Concernant le cuivre, le premier lot de communes concernées, sur les deux programmés en 2023, devrait être connu "dans les prochaines semaines", a annoncé la PDG d’Orange, Christel Heydemann (voir encadré).  Un chantier que la dirigeante qualifie de "titanesque" autant que "collectif", mais sur lequel il reste encore à définir la place exacte des collectivités. L'Avicca, une fois de plus, demande des "actes et des données" pour que les collectivités puissent anticiper, suivre le chantier et ne pas supporter seules la communication d’un chantier qui n’est pas le leur (Localtis reviendra sur le sujet). L'association attend par ailleurs toujours des précisions sur le critère de complétude rendant éligible une commune au décommissionnement du cuivre. "Il est hors de question d’accepter un taux de 90% de locaux raccordables comme on l’entend chez certains opérateurs", précise Ariel Turpin, délégué de l’association. En outre, ce taux n’a "aucun sens dans une commune rurale avec quelques dizaines de locaux", ajoute-t-il.

Un plan ou des plans ?

La question des raccordements et du cuivre ne doit cependant pas empêcher la filière de se projeter dans l’avenir. Philippe Le Grand a demandé à l’Etat de "donner de la visibilité aux acteurs de la filière", notamment en mettant en œuvre un plan national de développement des territoires connectés. Jean-Noël Barrot n’a pas saisi la perche, se contentant de rappeler les deux appels à projets en cours sur les territoires durables et connectés et l’objectif de réplicabilité des solutions cofinancées par l'Etat. Le président de l’Avicca insiste pour sa part sur "l’urgence de la création d’un fonds basé sur la solidarité financière" aidant à l’exploitation de réseaux fibre "en début de vie". Patrick Chaize a aussi plaidé pour un plan qui intègre infrastructures, inclusion, développement d’usages vertueux pour l’environnement et cybersécurité. Antoine Darodes, directeur du département investissements transition numérique à la Banque des Territoires a de son côté souligné les convergences possibles entre plusieurs sujets aujourd’hui traités séparément : gestion des raccordements longs, dépose du cuivre, résilience des infrastructures électriques et Télécom, déploiement de la 5G et territoires connectés… "Quels moyens veut-on mettre pour remplir ces engagements ? Tout cela va coûter cher et il y a des choix collectifs à effectuer qui mériteraient un plan global", a souligné celui qui a été l'un des principaux artisans du plan France très haut débit dans ses fonctions antérieures.

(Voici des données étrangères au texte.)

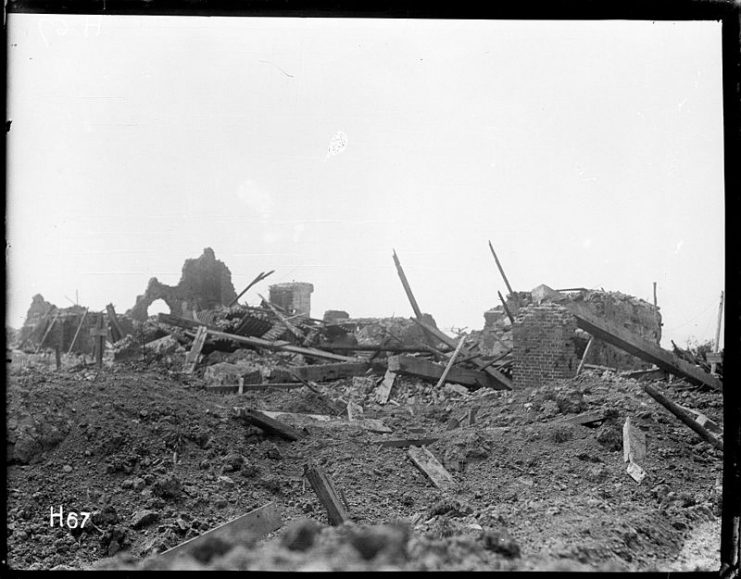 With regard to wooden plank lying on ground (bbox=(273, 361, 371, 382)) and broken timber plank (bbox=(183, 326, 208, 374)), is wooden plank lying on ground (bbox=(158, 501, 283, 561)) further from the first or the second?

Dépose du cuivre : 163 communes sélectionnées

Orange a sélectionné un lot de 163 communes (liste non encore publiée) pour tester l’industrialisation du décommissionnement du cuivre. 181 communes avaient été identifiées mais l’opérateur a tenu compte de l’avis des opérateurs présents, des RIP et des maires. Deux maires ont ainsi refusé alors que leur soutien à la démarche paraît essentiel… Quels ont été les critères de sélection des communes ? Orange reste peu précis sur le sujet même si la complétude des déploiements et le niveau d’abonnement arrivent en tête. Il apparaît également que l’opérateur sélectionne des communes ayant des équipements cuivre en bon état… car les matériels faisant fonctionner le RTC – qui ne s’arrêtera qu’en 2030 – n’est plus fabriqué. Or l’opérateur s’est engagé auprès de l’Arcep a ce que le cuivre fonctionne jusqu’au bout là où il n’y a pas de fibre.